### [Task instructions]
Below are records with pictures in them. Output exactly the lines from the one with "Karya TNI Bakti, Tanam" through the one with "Prezzo buono Il", both included, and leave every picture out; give only those lines.

### [Records for processing]
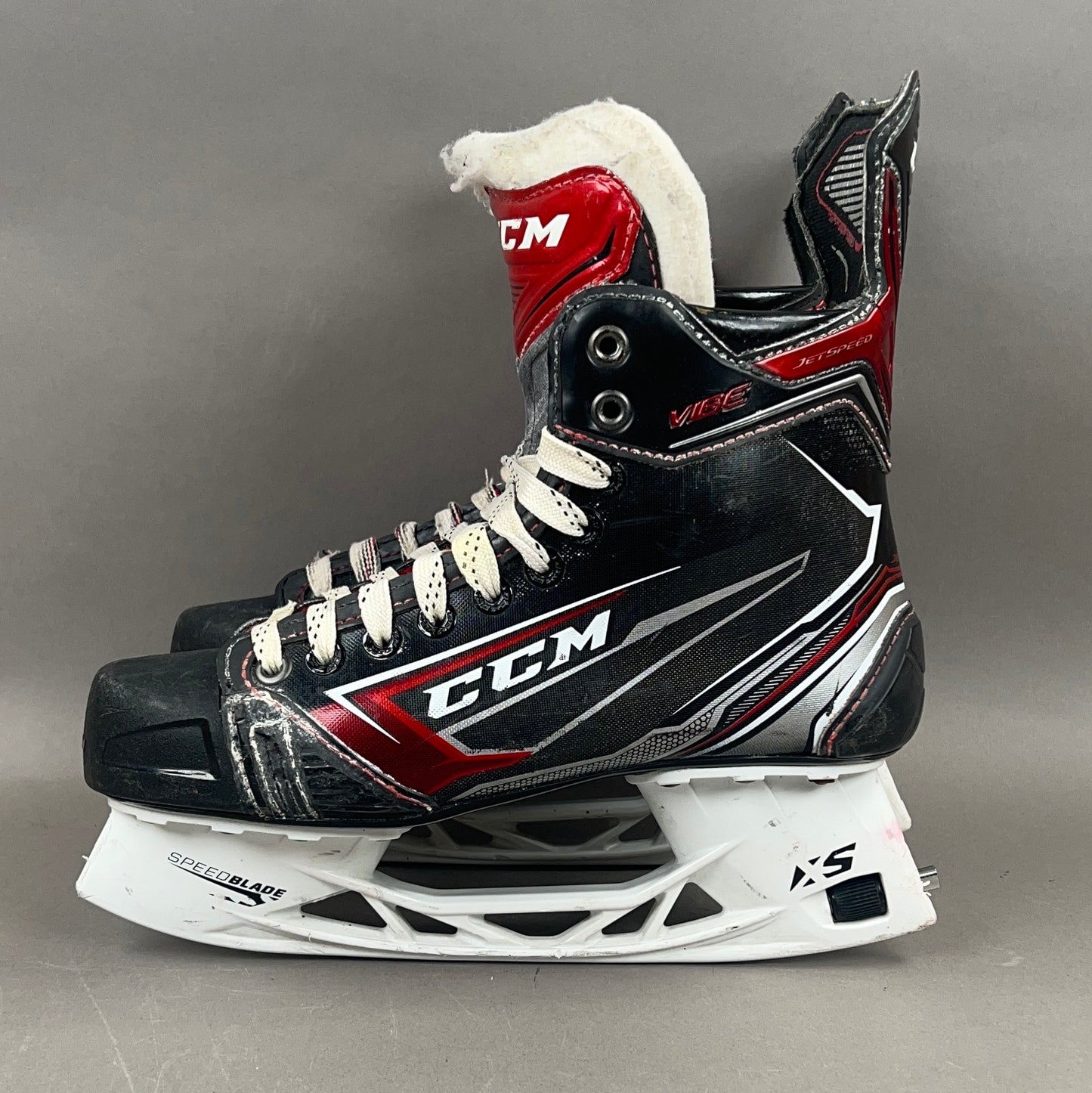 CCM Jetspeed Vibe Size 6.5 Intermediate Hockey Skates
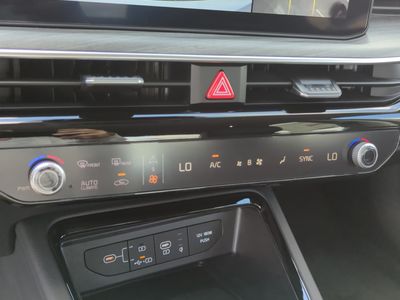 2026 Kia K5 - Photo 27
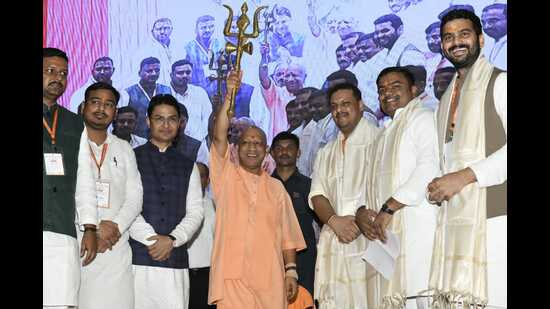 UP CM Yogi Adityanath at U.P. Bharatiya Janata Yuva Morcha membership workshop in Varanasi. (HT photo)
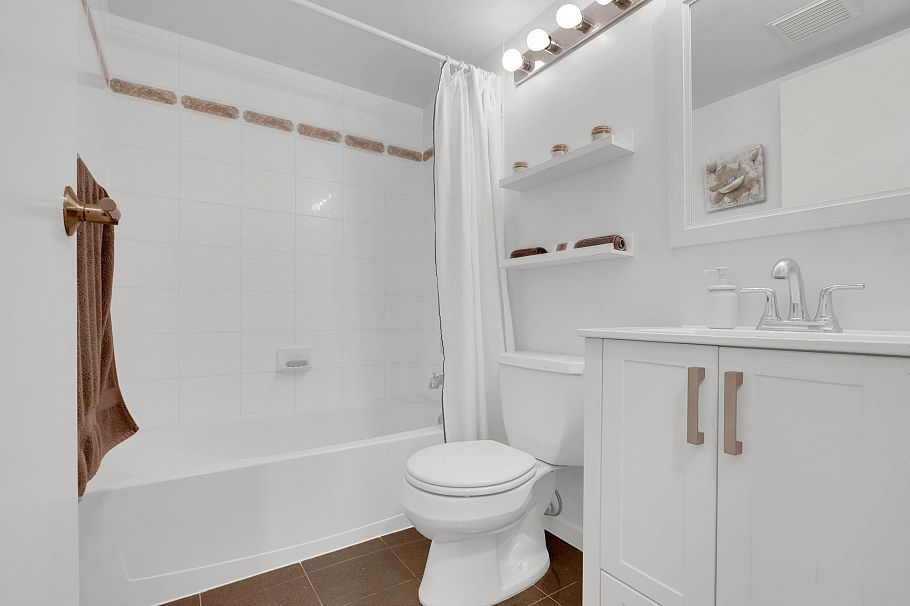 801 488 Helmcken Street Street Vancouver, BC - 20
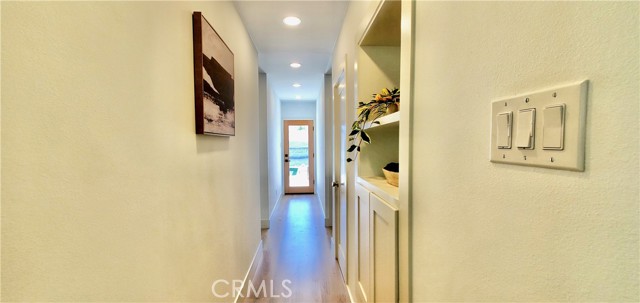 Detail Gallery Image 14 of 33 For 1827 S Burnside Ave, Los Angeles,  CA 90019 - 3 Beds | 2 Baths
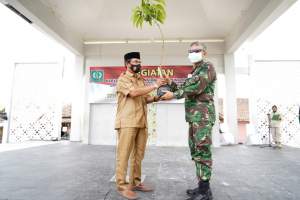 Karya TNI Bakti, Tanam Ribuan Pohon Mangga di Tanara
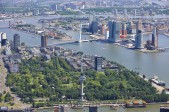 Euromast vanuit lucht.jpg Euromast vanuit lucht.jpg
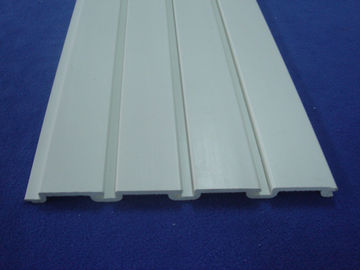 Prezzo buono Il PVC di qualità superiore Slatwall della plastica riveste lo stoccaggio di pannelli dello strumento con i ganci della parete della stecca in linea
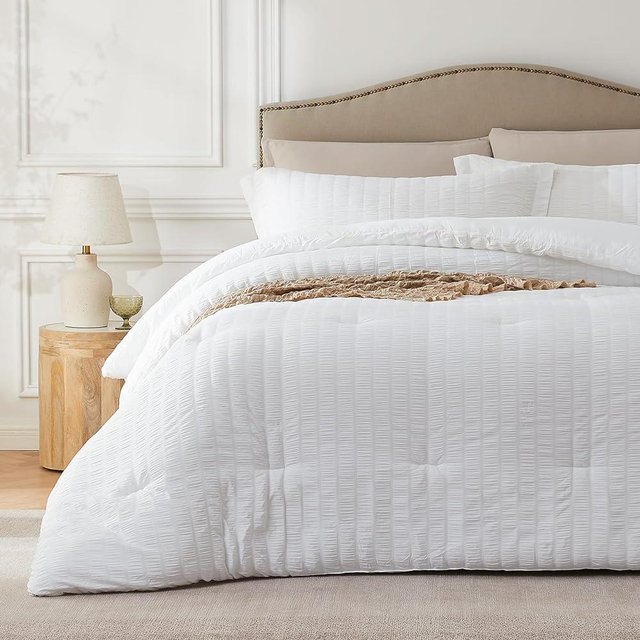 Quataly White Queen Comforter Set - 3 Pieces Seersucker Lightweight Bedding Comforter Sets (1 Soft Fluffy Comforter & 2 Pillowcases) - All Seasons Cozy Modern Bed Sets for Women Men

--

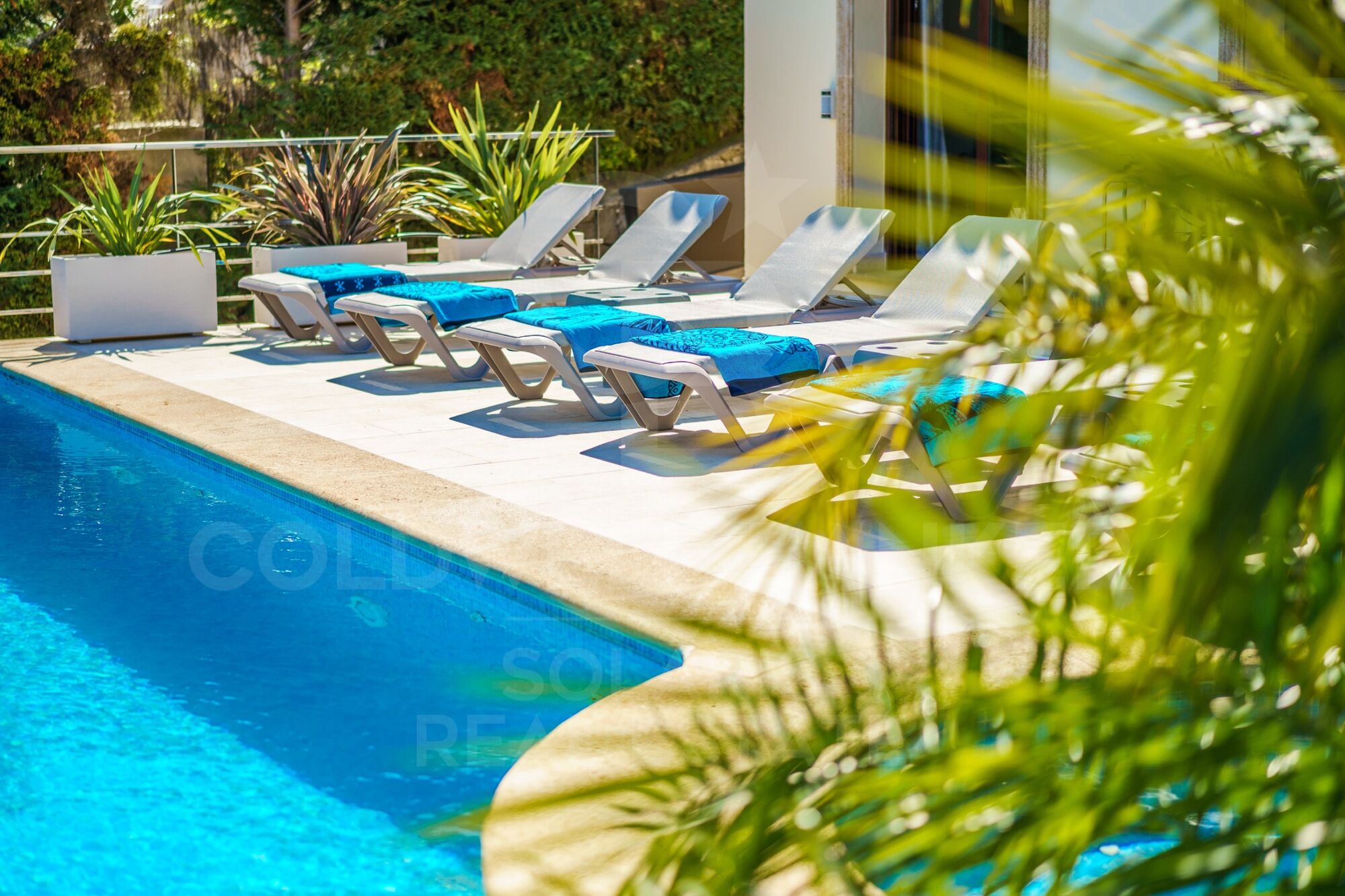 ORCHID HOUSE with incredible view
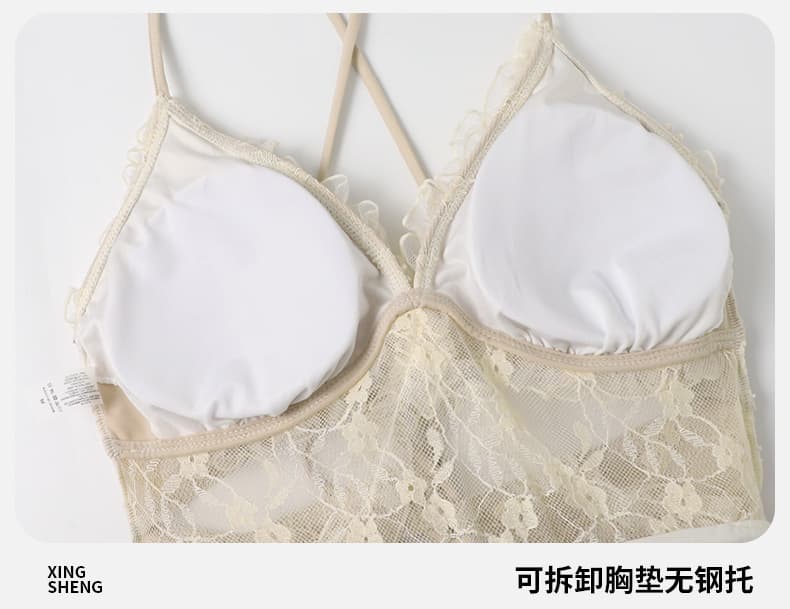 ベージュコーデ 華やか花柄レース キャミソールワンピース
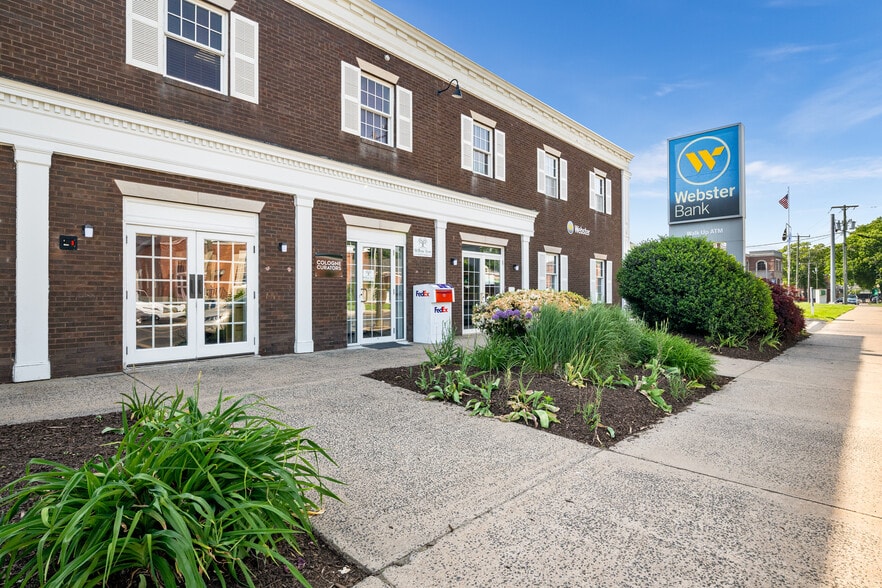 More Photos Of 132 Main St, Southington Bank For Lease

### [Exercise output]
 Karya TNI Bakti, Tanam Ribuan Pohon Mangga di Tanara
 Euromast vanuit lucht.jpg Euromast vanuit lucht.jpg
 Prezzo buono Il PVC di qualità superiore Slatwall della plastica riveste lo stoccaggio di pannelli dello strumento con i ganci della parete della stecca in linea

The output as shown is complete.